Table 13 Results of self-distillation with different intermediate classifier structures
Table 14 Results of various self-distillation strategies

When the weight of the distillation loss is greater, the accuracy of Ex8 decreases more significantly. Although the middle layer classifiers are negatively affected by this conflict, they still benefit from knowledge distillation, resulting in minor performance changes. With the SLIC structure, the backbone network of the shallow classifier continues to extract fine-grained features, while its feature reduction layer extracts coarse-grained features. In this scenario, self-distillation does not disrupt the backbone network’s feature extraction, enhancing the accuracy of both Ex8 and the shallow classifiers. These results suggest that self-distillation is effective when conducted within the same hierarchical level but has limitations otherwise. Thus, in designing the SLIC, we use sufficient downsampling operations to balance the predictive performance and efficiency.

In contrast, MLCSD dynamically constructs suitable teachers for all the classifiers, even if the classifiers are not at the same level, which can improve the classification performance of each classifier.

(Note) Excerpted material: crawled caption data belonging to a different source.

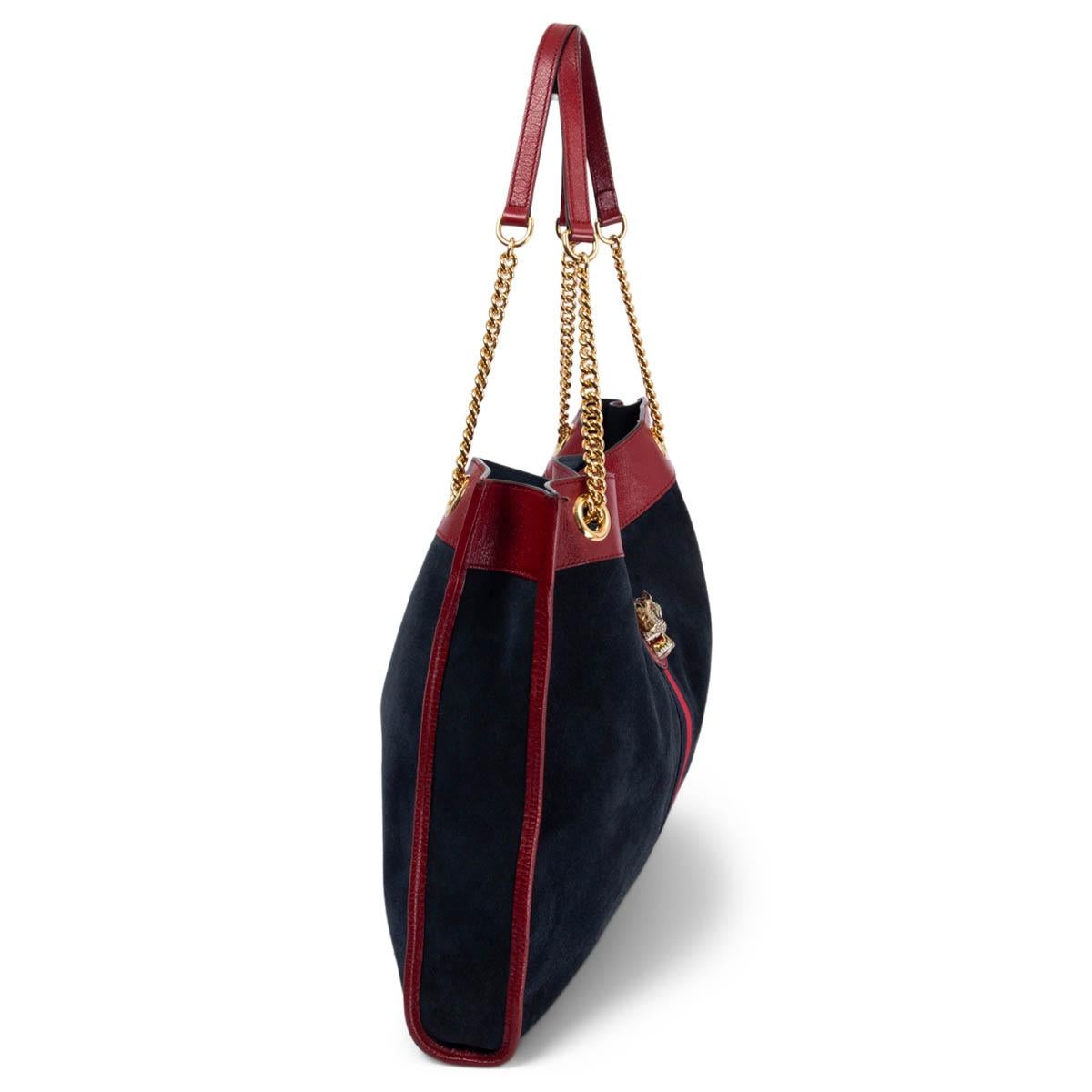 100% authentic Gucci Rajah Large tote bag in navy suede trimmed with cerise glazed leather and the House Web in red and navy. The line is defined by the tiger head finished with colored enamel and sparkling crystals, inspired by a vintage piece from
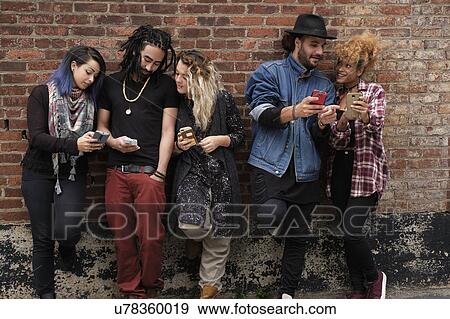 Stock Photo - Portrait of friends using smartphones against brick wall. Fotosearch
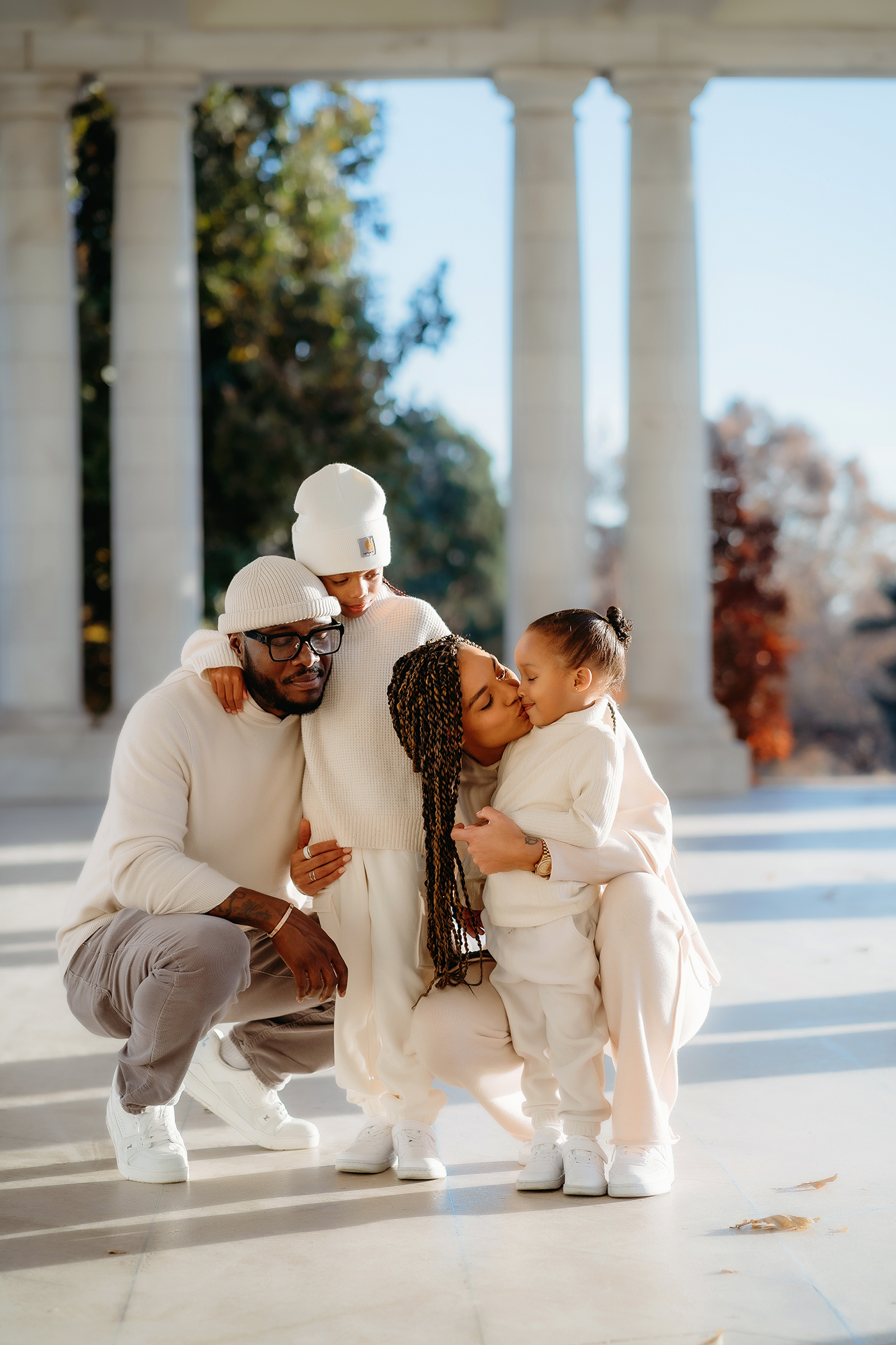 Denver family photographer captures family hugging one another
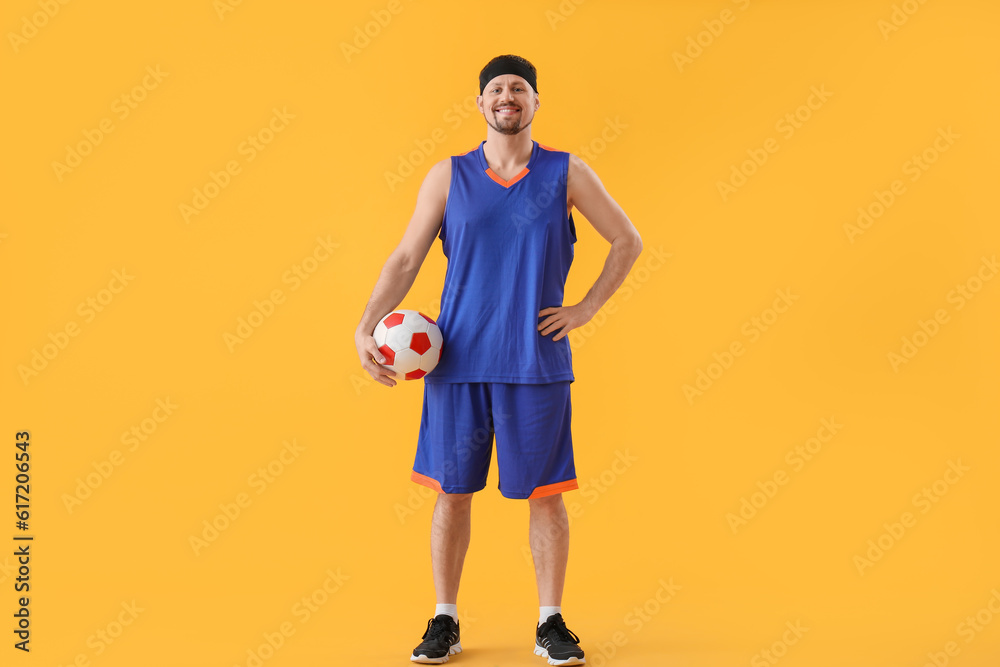 Soccer player with ball on yellow background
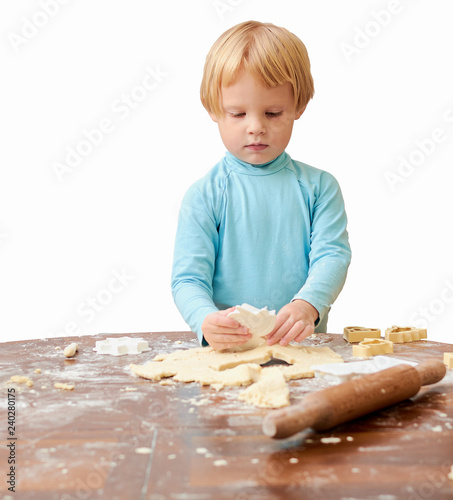 child makes cookies from dough on the table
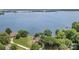 Picturesque aerial view of waterfront property boasting lush greenery and a tranquil lake setting at 5114 Leisure Ln, Sherrills Ford, NC 28673
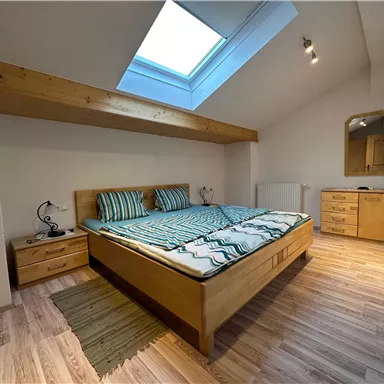 A cozy bedroom with a double bed and wooden furniture. The room has a window with daylight and a modern look.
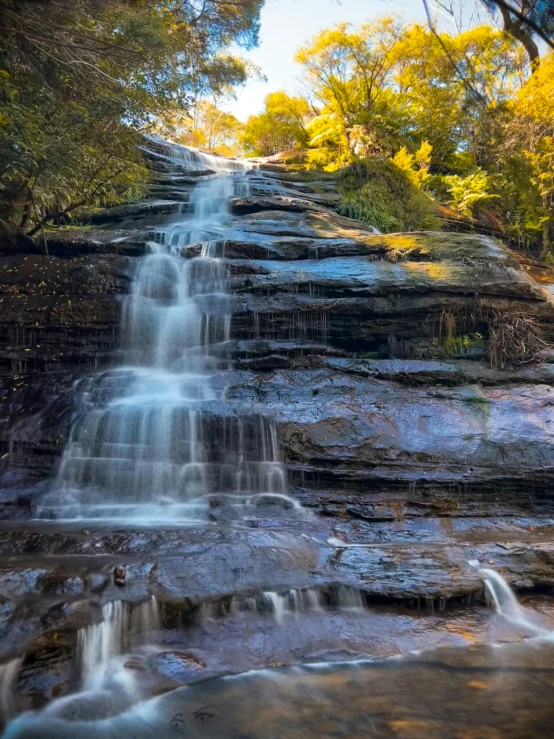 a large waterfall next to lush trees and water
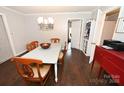 Inviting dining room featuring hardwood floors, table for four, and a charming light fixture at 2010 Simmons St, Gaston, NC 28052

Applying MLCSD to multi-exit networks with three different intermediate classifier structures shows that it can enhance the classification performance of each classifier. The experimental results in Table 7 demonstrate the superior applicability of the MLCSD.

Ensemble self-distillation and multi-level collaborative delf-distillation

In self-distillation experiments, the outputs of all the classifiers are generally averaged as a teacher to enhance the network’s performance through ensemble self-distillation [21]. To compare the performance differences between ensemble self-distillation and multi-level collaborative self-distillation (MLCSD), we conducted experiments on the CIFAR100 dataset using ResNet18 as the backbone network. The results are shown in Table 14. In the table, “IC” represents the structure of the intermediate classifier, “1*1-conv” is a direct prediction using a 1* 1 convolution, and “Interpolate-conv” is prediction using the SLIC structure designed in this paper. “KD” represents the distillation method, “FLSM” is the traditional logit-based self-distillation, “Ensemble” is the self-distillation that integrates the logits of all the classifiers, and “MCLSM” is the multi-level collaborative logit-based self-distillation proposed in this paper.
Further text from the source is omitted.